### [Provided entries]
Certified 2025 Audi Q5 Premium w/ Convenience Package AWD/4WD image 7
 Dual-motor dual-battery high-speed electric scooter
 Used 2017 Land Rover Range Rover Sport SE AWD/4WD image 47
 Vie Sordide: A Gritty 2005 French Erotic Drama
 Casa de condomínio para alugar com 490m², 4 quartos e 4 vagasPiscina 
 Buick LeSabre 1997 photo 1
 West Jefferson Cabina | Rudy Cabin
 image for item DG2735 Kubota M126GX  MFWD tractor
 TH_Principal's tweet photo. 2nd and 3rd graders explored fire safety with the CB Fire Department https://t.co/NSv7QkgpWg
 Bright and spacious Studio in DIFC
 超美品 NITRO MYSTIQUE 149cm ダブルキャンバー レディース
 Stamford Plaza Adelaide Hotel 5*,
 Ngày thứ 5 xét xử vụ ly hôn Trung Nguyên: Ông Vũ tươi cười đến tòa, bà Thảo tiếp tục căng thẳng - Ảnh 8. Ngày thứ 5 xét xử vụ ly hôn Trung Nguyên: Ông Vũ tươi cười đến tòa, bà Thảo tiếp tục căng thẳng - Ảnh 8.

### [Your goal]
Please give back all of the material above exactly as it was written.

### [Reply to the task]
Certified 2025 Audi Q5 Premium w/ Convenience Package AWD/4WD image 7
 Dual-motor dual-battery high-speed electric scooter
 Used 2017 Land Rover Range Rover Sport SE AWD/4WD image 47
 Vie Sordide: A Gritty 2005 French Erotic Drama
 Casa de condomínio para alugar com 490m², 4 quartos e 4 vagasPiscina 
 Buick LeSabre 1997 photo 1
 West Jefferson Cabina | Rudy Cabin
 image for item DG2735 Kubota M126GX  MFWD tractor
 TH_Principal's tweet photo. 2nd and 3rd graders explored fire safety with the CB Fire Department https://t.co/NSv7QkgpWg
 Bright and spacious Studio in DIFC
 超美品 NITRO MYSTIQUE 149cm ダブルキャンバー レディース
 Stamford Plaza Adelaide Hotel 5*,
 Ngày thứ 5 xét xử vụ ly hôn Trung Nguyên: Ông Vũ tươi cười đến tòa, bà Thảo tiếp tục căng thẳng - Ảnh 8. Ngày thứ 5 xét xử vụ ly hôn Trung Nguyên: Ông Vũ tươi cười đến tòa, bà Thảo tiếp tục căng thẳng - Ảnh 8.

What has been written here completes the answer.